Handguns. A correction.
Twenty six states allow concealed carry of firearms without a permit.
Oregon requires a permit.
An early version of yesterday's blog post contained an error. I inadvertently included the word "concealed" when discussing my own locality's policy regarding firearms training. I have corrected that.
Nearly any adult can buy, own, and carry a firearm in most of the USA. In blue-state Oregon, convicted felons, people convicted of a misdemeanor within the past four years, and people subject to restraining orders are prohibited from buying firearms. However, people with serious and well-documented substance or mental health problems can buy and carry firearms so long as they have not been convicted of crimes. The key is to avoid formal convictions or a court determination of mental illness. My sheriff told me that people with a clean record on those points do not set off "red flag" subjective interventions by law enforcement. It is not illegal to be angry, jumpy, vision-impaired, paranoid, schizophrenic, or to have a strong fear and dislike of certain people or ethnicities. One can be some or all of those things and still carry around a loaded gun.
However, my county does require people to take and pass a class on firearm law and safety if a person wants a permit to legally carry that weapon concealed. A reader brought that error to my attention. He told me he personally had decided not to bother getting a concealed gun permit when he learned he needed to take a class.
My point remains the same, though.

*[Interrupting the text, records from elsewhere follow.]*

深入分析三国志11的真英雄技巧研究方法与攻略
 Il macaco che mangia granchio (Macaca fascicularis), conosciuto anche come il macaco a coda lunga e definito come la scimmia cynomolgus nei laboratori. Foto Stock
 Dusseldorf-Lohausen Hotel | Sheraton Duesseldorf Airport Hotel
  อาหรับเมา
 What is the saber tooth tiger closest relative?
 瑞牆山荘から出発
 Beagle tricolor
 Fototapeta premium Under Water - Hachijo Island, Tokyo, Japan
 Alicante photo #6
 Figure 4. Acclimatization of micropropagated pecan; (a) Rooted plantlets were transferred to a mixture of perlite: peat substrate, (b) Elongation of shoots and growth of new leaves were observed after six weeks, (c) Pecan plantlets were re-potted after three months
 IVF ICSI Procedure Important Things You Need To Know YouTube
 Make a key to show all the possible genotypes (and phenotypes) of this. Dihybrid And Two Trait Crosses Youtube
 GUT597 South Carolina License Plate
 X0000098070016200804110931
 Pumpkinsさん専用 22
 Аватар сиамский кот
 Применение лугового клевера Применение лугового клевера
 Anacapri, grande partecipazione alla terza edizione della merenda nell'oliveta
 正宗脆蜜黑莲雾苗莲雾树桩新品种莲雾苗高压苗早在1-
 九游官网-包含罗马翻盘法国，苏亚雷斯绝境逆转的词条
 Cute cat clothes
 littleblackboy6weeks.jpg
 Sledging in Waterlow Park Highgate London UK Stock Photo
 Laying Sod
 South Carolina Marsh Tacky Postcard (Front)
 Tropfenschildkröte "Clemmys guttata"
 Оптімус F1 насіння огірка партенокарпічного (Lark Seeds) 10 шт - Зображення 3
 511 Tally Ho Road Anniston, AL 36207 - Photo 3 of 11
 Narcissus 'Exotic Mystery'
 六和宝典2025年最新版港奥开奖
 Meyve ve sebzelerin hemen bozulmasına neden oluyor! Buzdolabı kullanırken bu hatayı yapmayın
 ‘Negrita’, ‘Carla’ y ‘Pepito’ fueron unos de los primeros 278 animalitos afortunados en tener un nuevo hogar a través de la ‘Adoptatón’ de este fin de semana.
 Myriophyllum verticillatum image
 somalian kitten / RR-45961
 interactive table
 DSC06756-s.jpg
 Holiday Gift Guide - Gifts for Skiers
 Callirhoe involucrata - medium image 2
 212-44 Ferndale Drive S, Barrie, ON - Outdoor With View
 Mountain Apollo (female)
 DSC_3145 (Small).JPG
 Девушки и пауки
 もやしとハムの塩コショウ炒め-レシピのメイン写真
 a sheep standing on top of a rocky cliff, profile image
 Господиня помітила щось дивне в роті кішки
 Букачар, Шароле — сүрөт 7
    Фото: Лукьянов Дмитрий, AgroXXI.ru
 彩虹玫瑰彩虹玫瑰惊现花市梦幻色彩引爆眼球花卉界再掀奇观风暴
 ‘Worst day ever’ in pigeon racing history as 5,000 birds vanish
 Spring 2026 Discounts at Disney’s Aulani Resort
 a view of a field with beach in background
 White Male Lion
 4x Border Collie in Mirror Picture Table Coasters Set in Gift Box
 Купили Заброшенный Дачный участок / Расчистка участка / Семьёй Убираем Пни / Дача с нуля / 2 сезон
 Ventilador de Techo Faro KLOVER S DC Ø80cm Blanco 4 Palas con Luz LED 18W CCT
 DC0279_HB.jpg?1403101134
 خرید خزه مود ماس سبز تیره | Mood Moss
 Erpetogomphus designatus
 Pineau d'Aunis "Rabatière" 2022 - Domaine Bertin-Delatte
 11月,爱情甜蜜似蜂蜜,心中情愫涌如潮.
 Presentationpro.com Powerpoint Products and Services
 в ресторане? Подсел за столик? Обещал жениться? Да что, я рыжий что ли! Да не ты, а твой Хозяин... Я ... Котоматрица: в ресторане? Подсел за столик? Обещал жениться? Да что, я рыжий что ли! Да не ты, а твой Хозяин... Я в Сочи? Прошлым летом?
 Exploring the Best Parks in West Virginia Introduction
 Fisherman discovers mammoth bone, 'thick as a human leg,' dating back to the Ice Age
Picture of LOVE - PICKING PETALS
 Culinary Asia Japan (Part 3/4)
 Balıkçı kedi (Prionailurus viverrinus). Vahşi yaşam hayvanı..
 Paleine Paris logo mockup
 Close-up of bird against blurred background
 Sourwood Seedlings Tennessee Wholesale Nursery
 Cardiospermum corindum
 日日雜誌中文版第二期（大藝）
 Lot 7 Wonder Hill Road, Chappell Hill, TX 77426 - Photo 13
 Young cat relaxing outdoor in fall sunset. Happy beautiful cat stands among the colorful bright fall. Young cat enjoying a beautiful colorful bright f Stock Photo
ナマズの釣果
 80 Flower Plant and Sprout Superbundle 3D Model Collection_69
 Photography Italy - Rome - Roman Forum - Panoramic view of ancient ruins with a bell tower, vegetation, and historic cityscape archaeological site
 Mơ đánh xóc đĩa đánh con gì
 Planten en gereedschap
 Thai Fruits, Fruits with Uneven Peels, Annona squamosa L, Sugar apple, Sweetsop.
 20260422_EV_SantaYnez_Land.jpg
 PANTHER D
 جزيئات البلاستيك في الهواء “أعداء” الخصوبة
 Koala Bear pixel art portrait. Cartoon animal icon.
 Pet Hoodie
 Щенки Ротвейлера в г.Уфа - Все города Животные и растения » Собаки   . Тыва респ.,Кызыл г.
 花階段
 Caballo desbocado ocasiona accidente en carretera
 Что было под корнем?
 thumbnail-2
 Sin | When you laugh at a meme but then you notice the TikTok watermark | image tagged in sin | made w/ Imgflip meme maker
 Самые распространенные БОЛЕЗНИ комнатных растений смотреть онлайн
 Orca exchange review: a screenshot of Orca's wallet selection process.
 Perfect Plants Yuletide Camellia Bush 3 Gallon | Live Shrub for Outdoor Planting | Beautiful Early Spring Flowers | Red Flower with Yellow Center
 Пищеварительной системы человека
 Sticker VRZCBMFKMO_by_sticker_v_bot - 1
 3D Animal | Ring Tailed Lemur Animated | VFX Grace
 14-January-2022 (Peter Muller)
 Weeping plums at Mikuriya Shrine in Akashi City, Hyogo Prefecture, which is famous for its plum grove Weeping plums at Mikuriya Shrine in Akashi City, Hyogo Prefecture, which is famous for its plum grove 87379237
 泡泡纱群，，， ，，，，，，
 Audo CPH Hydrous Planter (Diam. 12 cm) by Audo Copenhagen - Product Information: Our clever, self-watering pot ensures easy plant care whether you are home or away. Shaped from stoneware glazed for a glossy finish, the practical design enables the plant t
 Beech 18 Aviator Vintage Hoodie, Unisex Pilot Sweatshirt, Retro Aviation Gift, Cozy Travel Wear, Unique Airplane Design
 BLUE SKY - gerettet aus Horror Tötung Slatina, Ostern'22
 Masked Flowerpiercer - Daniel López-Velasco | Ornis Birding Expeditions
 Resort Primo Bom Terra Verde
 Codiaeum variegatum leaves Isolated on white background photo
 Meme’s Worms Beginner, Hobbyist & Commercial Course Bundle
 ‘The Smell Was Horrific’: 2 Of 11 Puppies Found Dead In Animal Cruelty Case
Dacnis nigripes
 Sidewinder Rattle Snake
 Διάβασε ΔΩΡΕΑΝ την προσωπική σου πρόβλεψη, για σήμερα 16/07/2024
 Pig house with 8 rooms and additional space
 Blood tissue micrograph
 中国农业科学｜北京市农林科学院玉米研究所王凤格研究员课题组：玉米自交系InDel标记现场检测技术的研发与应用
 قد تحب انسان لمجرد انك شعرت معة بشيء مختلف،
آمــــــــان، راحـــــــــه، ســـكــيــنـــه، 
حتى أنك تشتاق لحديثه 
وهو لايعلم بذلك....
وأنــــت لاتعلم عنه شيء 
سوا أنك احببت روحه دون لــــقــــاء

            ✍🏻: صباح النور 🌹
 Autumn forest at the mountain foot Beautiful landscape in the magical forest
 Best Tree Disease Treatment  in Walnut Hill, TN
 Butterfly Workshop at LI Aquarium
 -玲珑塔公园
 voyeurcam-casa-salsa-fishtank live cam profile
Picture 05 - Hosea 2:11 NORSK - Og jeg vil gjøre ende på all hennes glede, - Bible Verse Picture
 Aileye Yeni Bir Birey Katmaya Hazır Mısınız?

It is a head's up to all of us. The U.S. is increasingly a place where people have guns at the ready for "personal protection." Some gun carriers may not be cool-headed rational people. Gun carriers can "stand their ground" based on their subjective belief that they are in danger. In the aftermath of a shooting, police and courts will look at what the victim might have done--perhaps innocently or inadvertently--to cause that belief. The balance has shifted on fault between the "self-defender" and the "shooting victim."
The direction in red-state legislatures is to loosen gun laws, not tighten them. In both red and blue states Americans notice that more people are carrying guns, so are deciding they, too, need a gun in self defense. More guns. More looking out for danger from others. What could go wrong?